Please discuss how the idea for “Choose Connor” came about.
Being a young person in the world the way it is right now, full of suffering and corruption and war, I am sometimes unsure how to proceed with my life. Is it better to wear slippers than to try and carpet the whole world? Should I give up my selfish artistic aspirations in favor of working as some type of a revolutionary? Or should I accept that I can’t change the world without first working on myself, in my personal relationships? Are all these questions just excuses and diversions from the fact that modern American life is inherently hypocritical and I don’t want to sacrifice mode of consumption and comfort for the sake of anyone else’s quality of life?

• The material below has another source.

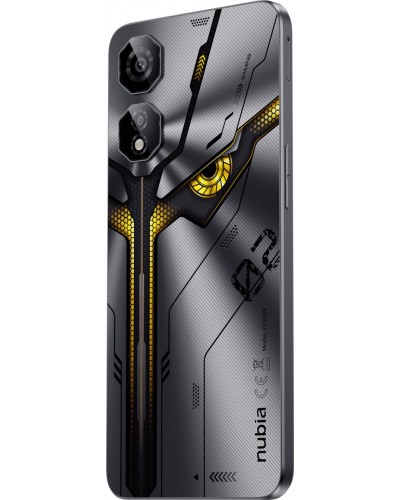 Купити ZTE Nubia Gaming Neo 2 5G 8/256GB Gray Гарантія 1 рік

I don’t have any answers, but I thought it would be interesting to make a film, not in a “realistic” way, but in more of an “allegorical” way, that addresses these questions.
Please elaborate a bit on your approach to making the film, including your influences, as well as your overall goals for the project?
My general approach to making the film was to, as much as possible, not make any decisions for the audience about how they should interpret a scene. There are a lot of movies where, if 100 people are watching it, it’s pretty important that all 100 of them think or feel the same general thing (i.e., “that was funny,” “that was scary,” “that was sad,” etc.).
For this movie, I wanted to remain as objective as possible, which is why there is not very much music in the film and a lot of scenes play out in long master shots with no coverage. There is suspense and tension in that ambiguity, hopefully. Also, I hope, with this technique the film becomes a more personal experience for each audience member, a collaboration of sorts between the audience and the film – because 100 people are going to have 100 very different interpretations of the film as I’ve discovered while touring around the world with this movie at film festival Q&A’s.
What were some of the biggest challenges you faced in developing the project?
Well, like a lot of indie filmmakers will tell you – raising the money is always difficult. I guess we made this film not trying to appeal to any particular demographic or follow any trends in the cinema marketplace, so there were several distributors who liked the film a lot but couldn’t see how to sell it. Thankfully, we found Strand Releasing who has a lot of faith in the project, saw its merits, and is putting it out there.
How did the financing for the film come together?
Through many friends and friends of friends all giving small amounts.
Who are some of the creative influences that have had the biggest impact on you?
I was acting in a film whose cinematographer was the great Phillippe Rousselot, and he gave me a great piece of advice: “Don’t learn film from film, learn film from life.” So other filmmakers are a big inspiration to me, but I find most of my inspiration from my travels, family, friends, and world events.
What other genres or stories would like to explore as a filmmaker?
Many, I’ll just take it one film at time.
What is your next project?
I have written a script called “God’s Work” that I hope to make in Colorado sometime soon.
What is your definition of “independent film,” and has that changed at all since you first started working?
I guess the textbook definition for an indie film is a film that is financed outside of the studio system – but it’s important to remember that there are brilliant films made by the studios and crap made independently. Any film, from any financing source, can have the creative, independent spirit.
What general advice would you impart to emerging filmmakers?
Make films. Have fun. Take risks. Do something that challenges you, scares you.
Please share an achievement from your career so far that you are most proud of.
I’m proud to have known the interesting people I’ve worked with and met during my career, and to have been able to do something creative and stimulating with my time for all these years.